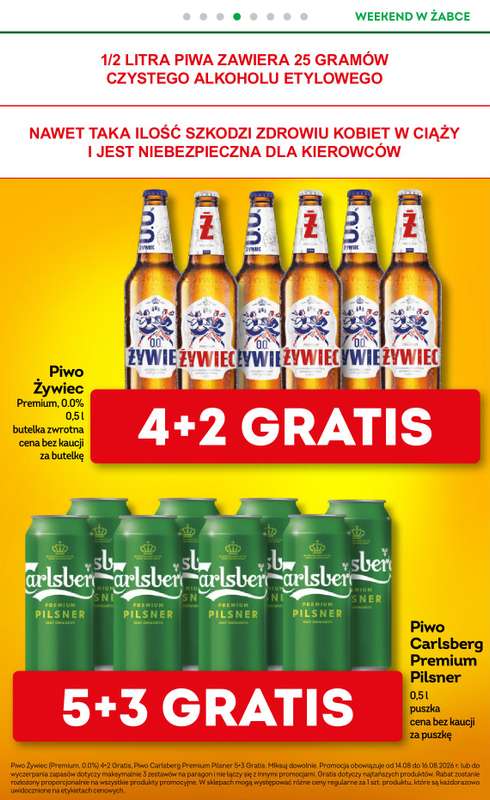 Żabka - gazetka promocyjna Gazetka weekendowa od piątku 14.08 do niedzieli 16.08 - strona 5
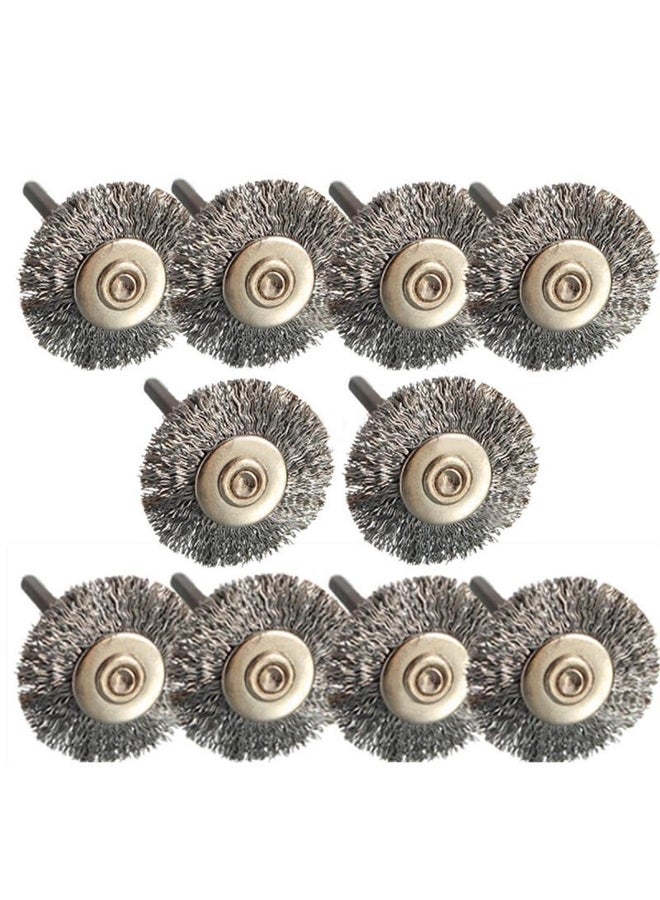 10PCs Wire Wheel Polish Brushes For Rotary Grinder Rust Removal Accessories Tool 
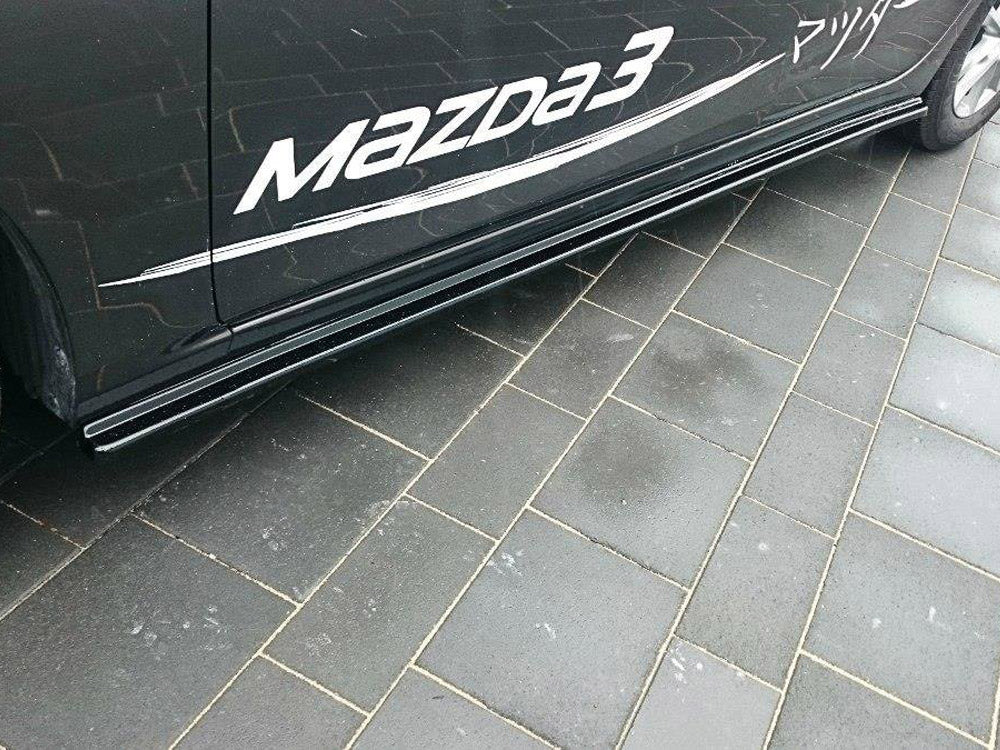 Side Skirts Diffusers Mazda 3 Mk3 - Wayside Performance 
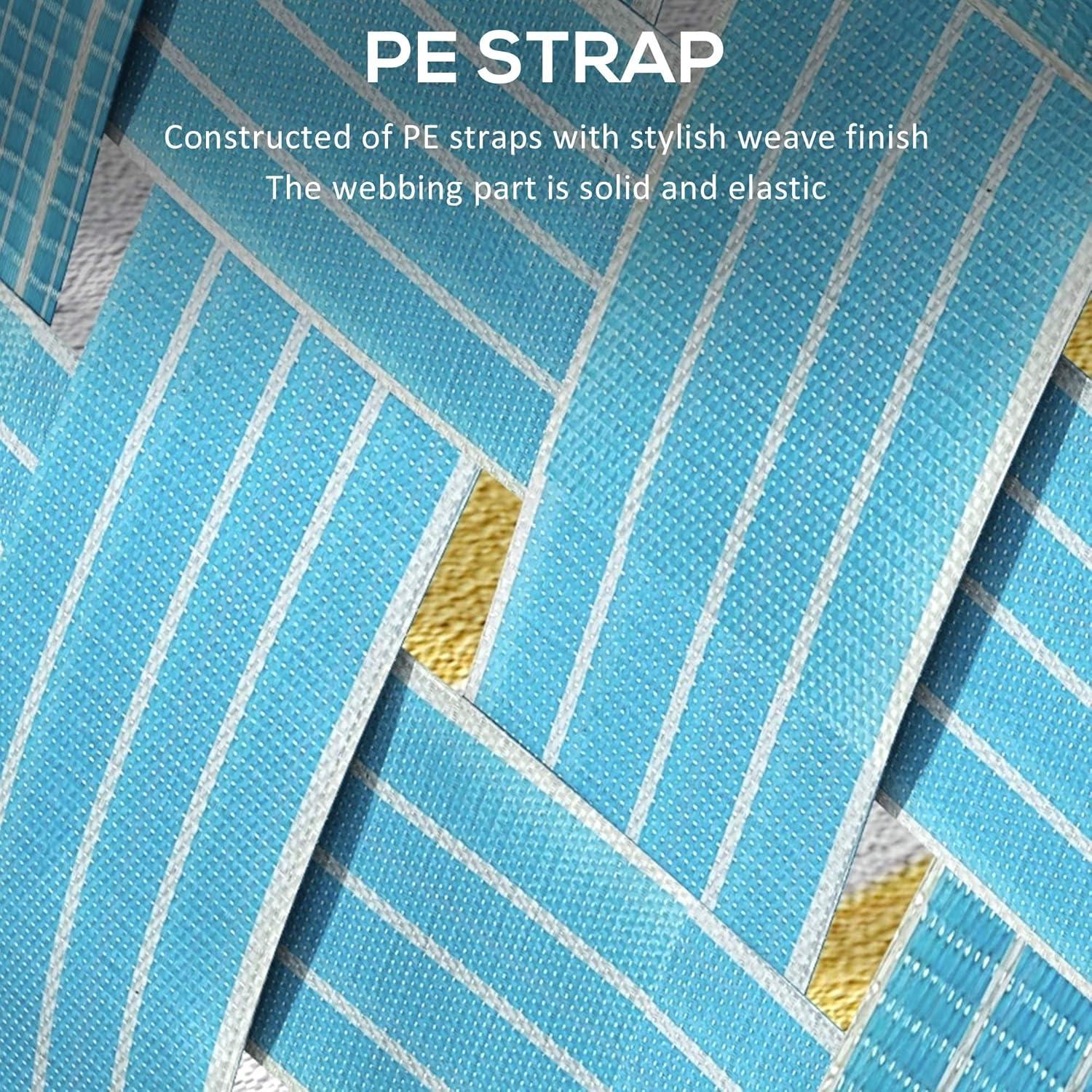 Juego de 2 Sillas Plegables Outsunny para Jardín Azul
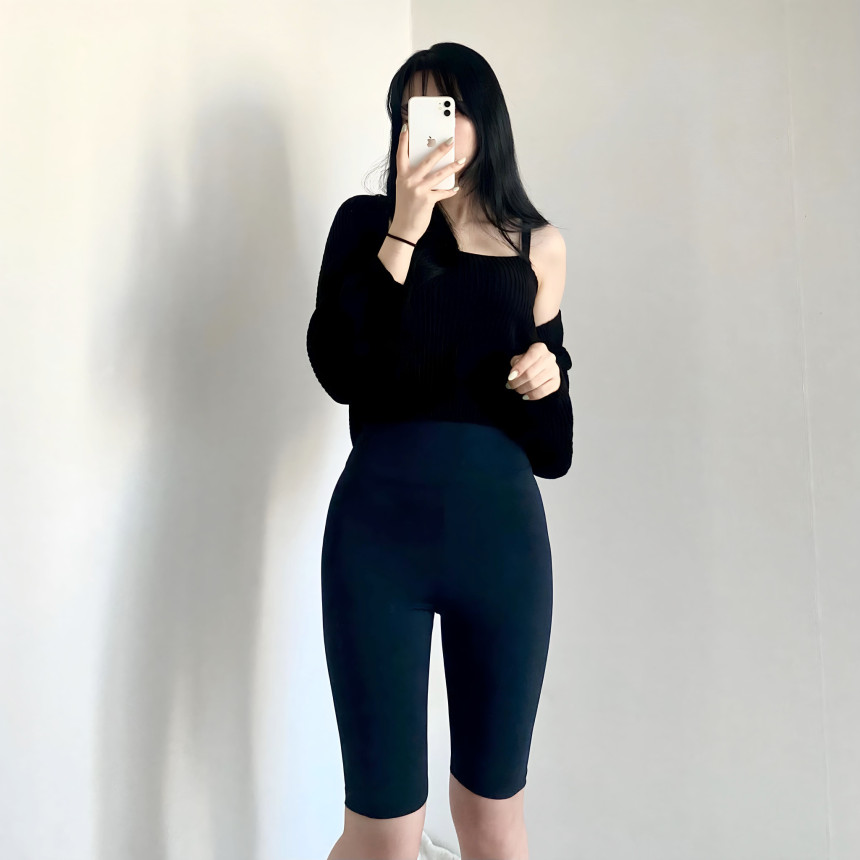 바이커 팬츠 레깅스 5부 4부 하이웨스트 숏츠 반바지 상세 이미지 65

:: What is required ::
Working from the line that contains "Juego de 2 Sillas" to the last line of the listing, please quote each line exactly, pictures excluded.

:: Reply ::
 Juego de 2 Sillas Plegables Outsunny para Jardín Azul
 바이커 팬츠 레깅스 5부 4부 하이웨스트 숏츠 반바지 상세 이미지 65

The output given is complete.